We can identify where an object found anywhere in the Solar System — including meteorites that fall to Earth — simply by examining what they’re made out of.
One of the most spectacular applications of this knowledge came when we first journeyed to the Moon. For the first time, we’d be able to analyze rocks from the Moon and their chemical composition! What we found was simultaneously profound and the most boring thing imaginable.
Because the Moon is made out of the same stuff that the Earth is!
Before you start saying, “Duhhhhh,” as some of you are wont to do, let’s remember that it didn’t have to be this way. We need only look at our nearest moon-ed neighbor.
Because Mars’ two moons, Phobos and Deimos, are not made out of the same stuff Mars is! They formed significantly farther out in the Solar System, originating in the asteroid belt. Only a chance encounter with another body (probably Jupiter) flung them in to the inner Solar System, where they were gravitationally captured by the red planet!
If it happens for Mars from the asteroid belt, you may be wondering about that other, even bigger belt in our Solar System, and what the possibilities might be from there.
I refer, of course, to the Kuiper Belt, the band of leftover proto-planetesimals from the formation of our Solar System. These small, icy objects are only about a third the density of Earth, but are more dense than the gas giants that lie interior to them.
If the asteroids could be flung towards the inner, rocky worlds due to the gravitational influence from Jupiter, it stands to reason that these Kuiper Belt objects could similarly be flung inwards thanks to Neptune.
There are some dead giveaways that your object isn’t from the same part of the Solar System as its initial planet is. There’s the elemental composition / density argument, of course, but simply via random chance, 50% of these objects that get captured will wind up revolving around their planet the wrong way. One obvious guy like this is Neptune’s largest moon, Triton.
Triton is maybe the easiest one; he’s so large that if he were still in the Kuiper belt, he’d be the largest object there, dwarfing (burn!) both Pluto and Eris!
But there are others, elsewhere, that don’t quite look like they belong. And a Saturnian mystery may, in fact, be on the cusp of being solved thanks to this idea.
This is Iapetus, one of Saturn’s moons, looking like it always does: like it came out on the wrong side of a trip through the mud. Iapetus does all the moon-like things correctly: it revolves the right way around Saturn, it’s got the right density for its spot in the Solar System, its surface is even made of the same elements — as far as we can tell — as it ought to be.
Except for that muddy mess that discolors one of its face. What’s going on here? It turns out Iapetus isn’t alone.

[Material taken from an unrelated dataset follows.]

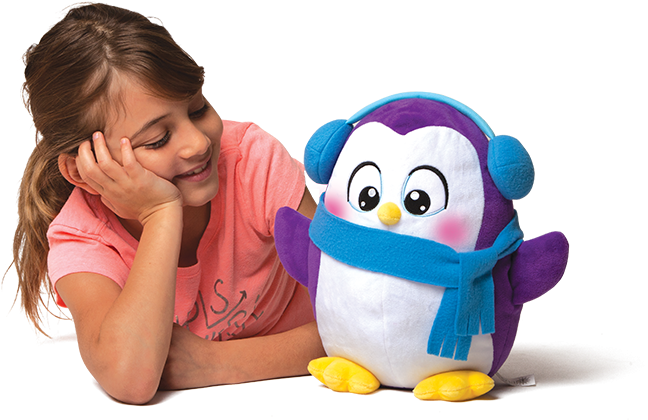 Girl Admiring Stuffed Penguin Toy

A giant, diffuse outer ring, well beyond the Saturnian rings you’re used to, pollutes Iapetus’ orbit. As the tidally-locked moon speeds around Saturn, these grains from the ring smack into Iapetus, discoloring it like billions of bugs on a windshield.
The question, of course, is where did this ring come from? Because it isn’t Saturn. The answer is much more fun than that!
Say hello to Phoebe, Saturn’s very suspicious moon, located in the same vicinity as both this outermost ring and Iapetus. Phoebe is full of craters, a different color and elemental composition than the other moons, and — this is a big and — it revolves around Saturn the wrong way!
In other words, this outsider came all the way from the Kuiper Belt to become a moon of Saturn! And the journey was no picnic for Phoebe, either.
Those craters on its surface are from a lifetime of bombardment! The once-spherical Phoebe has lost a lot of its mass, and that’s almost certainly where the material that makes up both the outermost ring and the diffuse discoloring of Iapetus comes from!
Let this be a lesson to all of you: if you want to be adopted by another planet, make sure you orbit the same direction as everything else! In the meantime, know that objects from the asteroid belt or Kuiper Belt could come in at any time, and could even become our planet’s next additional moon!